WHAT YOU NEED TO DO => Going down the listing below, print exactly each line from the one with "Caution Krakens Novelty" up to and including the one with "Duck Deep Action", and skip the rest.

*** DATASET RECORDS Section Begins ***

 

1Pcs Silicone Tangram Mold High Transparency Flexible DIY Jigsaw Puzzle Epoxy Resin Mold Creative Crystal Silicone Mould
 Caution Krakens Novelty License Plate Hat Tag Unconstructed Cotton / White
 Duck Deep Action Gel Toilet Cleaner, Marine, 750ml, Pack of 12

*** DATASET RECORDS Section Ends ***
*** DATASET RECORDS Section Begins ***

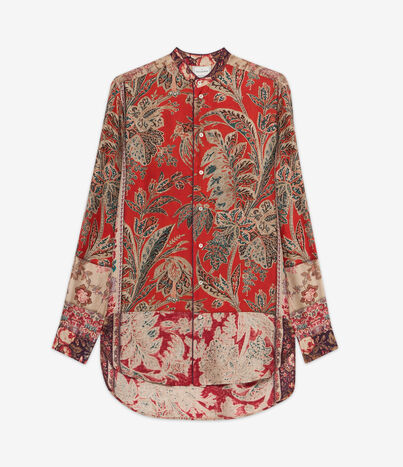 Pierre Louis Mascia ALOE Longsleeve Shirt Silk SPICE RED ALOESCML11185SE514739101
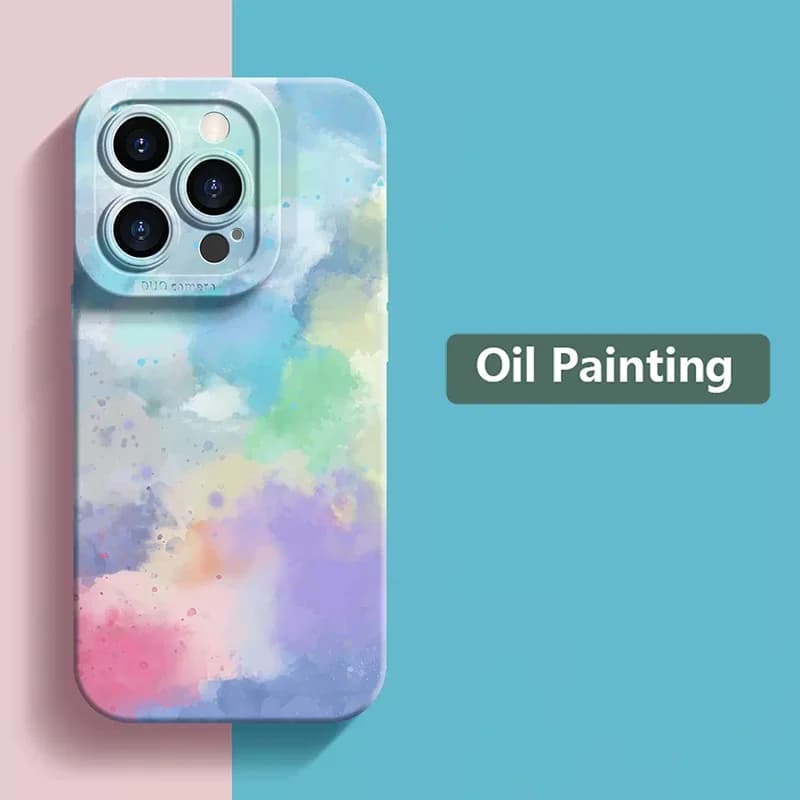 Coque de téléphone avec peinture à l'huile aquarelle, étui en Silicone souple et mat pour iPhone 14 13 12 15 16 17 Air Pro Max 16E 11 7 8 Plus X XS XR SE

*** DATASET RECORDS Section Ends ***

EXERCISE RESPONSE =>
 Caution Krakens Novelty License Plate Hat Tag Unconstructed Cotton / White
 Duck Deep Action Gel Toilet Cleaner, Marine, 750ml, Pack of 12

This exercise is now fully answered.